(Beginning of SUPPLIED MATERIAL)
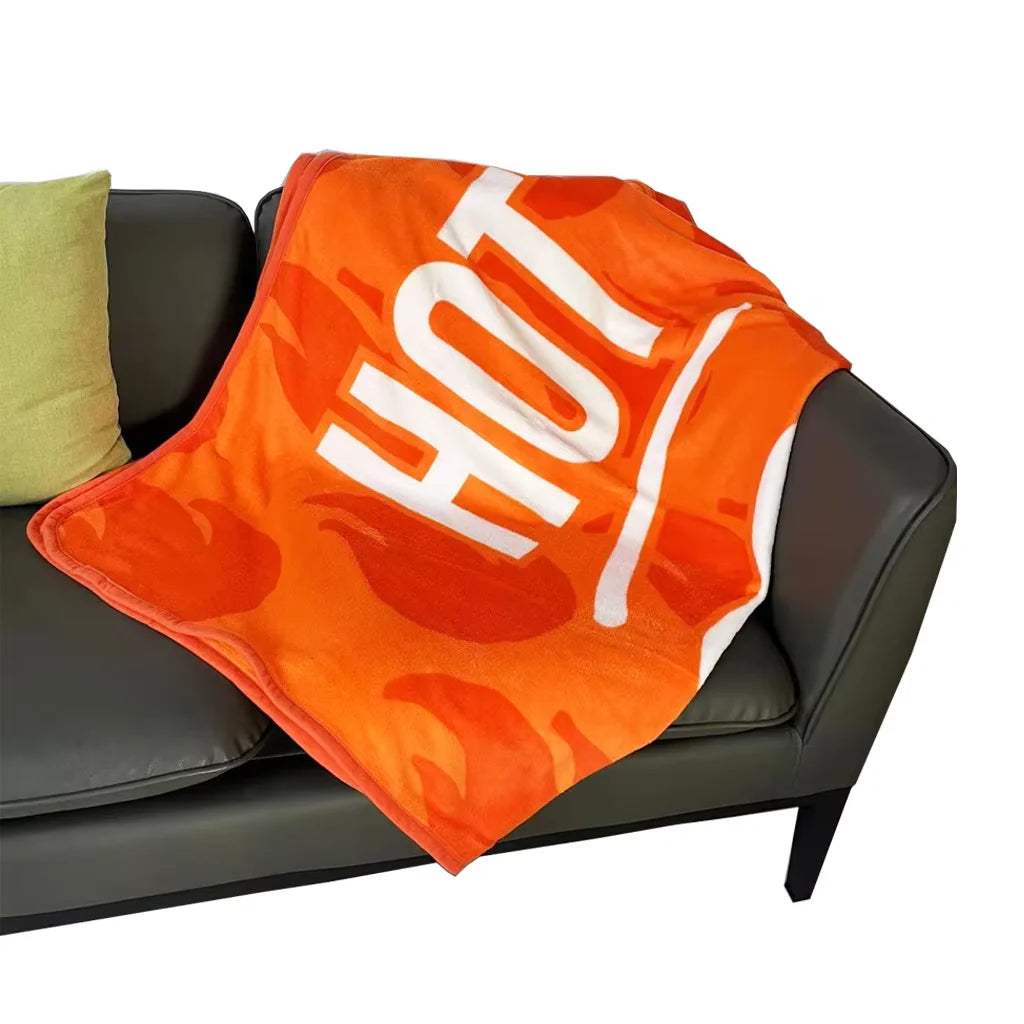Custom Logo Plush Throw Blanket Flannel Towel Polyester Blanket for Couch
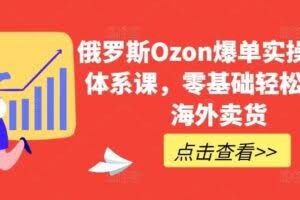 俄罗斯Ozon爆单实操全阶体系课,零基础轻松开启海外卖货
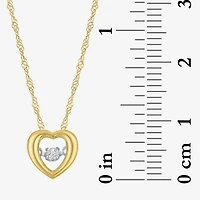 (G-H / I1-I2) Womens Diamond Accent Lab Grown White Diamond 10K Gold Heart 18 Inch Pendant Necklace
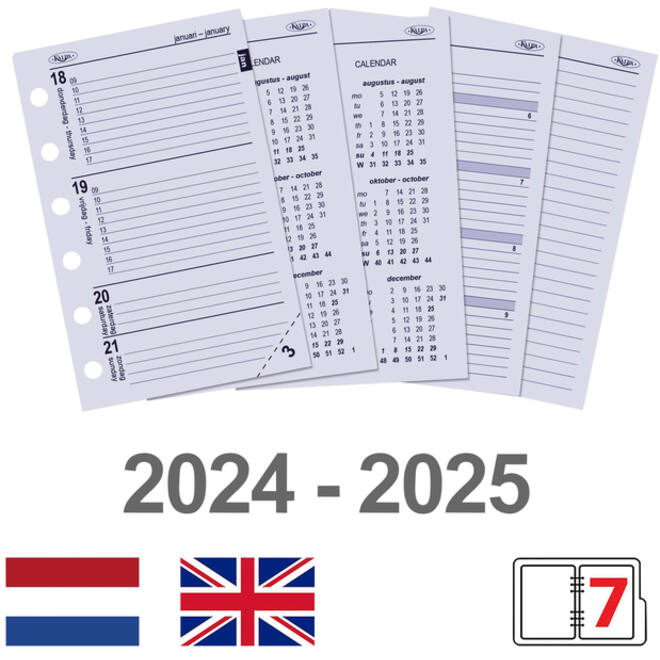 Organizer Kalpa Pocket inclusief agenda 2024-2025 7dagen/2pagina's croco mulberry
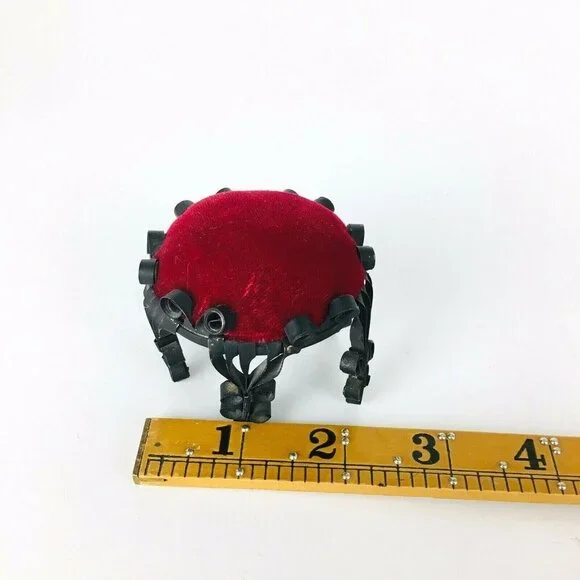 Vtg Tin Can Rocking Chair Ottoman Victorian Dollhouse Furniture Folk Tra… - Picture 8 of 9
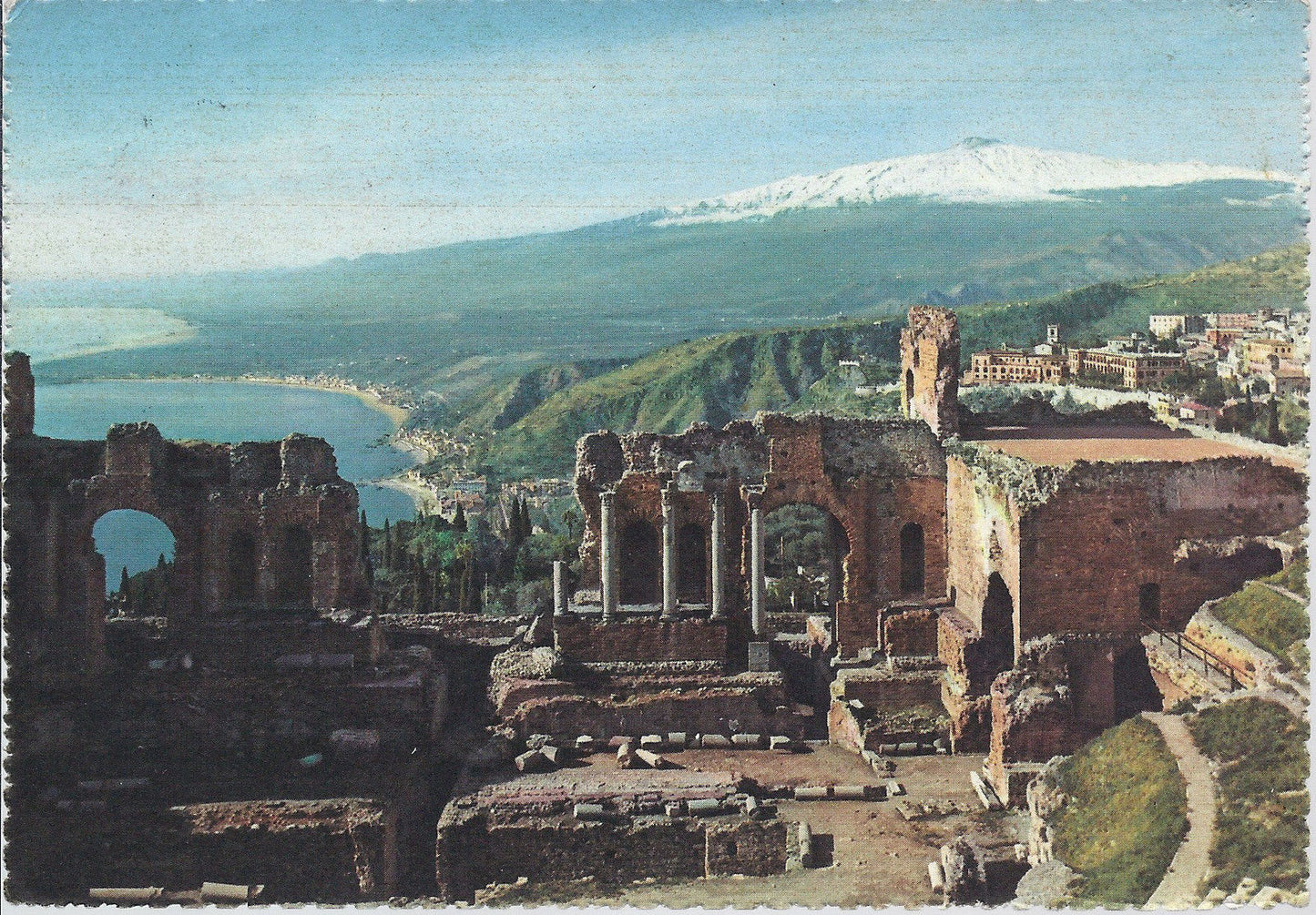 TAORMINA - SCENA DEL TEATRO GRECO - V1960 - (opaca)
(End of SUPPLIED MATERIAL)
Repeat every record above exactly. The pictures do not belong in the copy.

◆ OUTPUT OF THE TASK
Custom Logo Plush Throw Blanket Flannel Towel Polyester Blanket for Couch
 俄罗斯Ozon爆单实操全阶体系课,零基础轻松开启海外卖货
 (G-H / I1-I2) Womens Diamond Accent Lab Grown White Diamond 10K Gold Heart 18 Inch Pendant Necklace
 Organizer Kalpa Pocket inclusief agenda 2024-2025 7dagen/2pagina's croco mulberry
 Vtg Tin Can Rocking Chair Ottoman Victorian Dollhouse Furniture Folk Tra… - Picture 8 of 9
 TAORMINA - SCENA DEL TEATRO GRECO - V1960 - (opaca)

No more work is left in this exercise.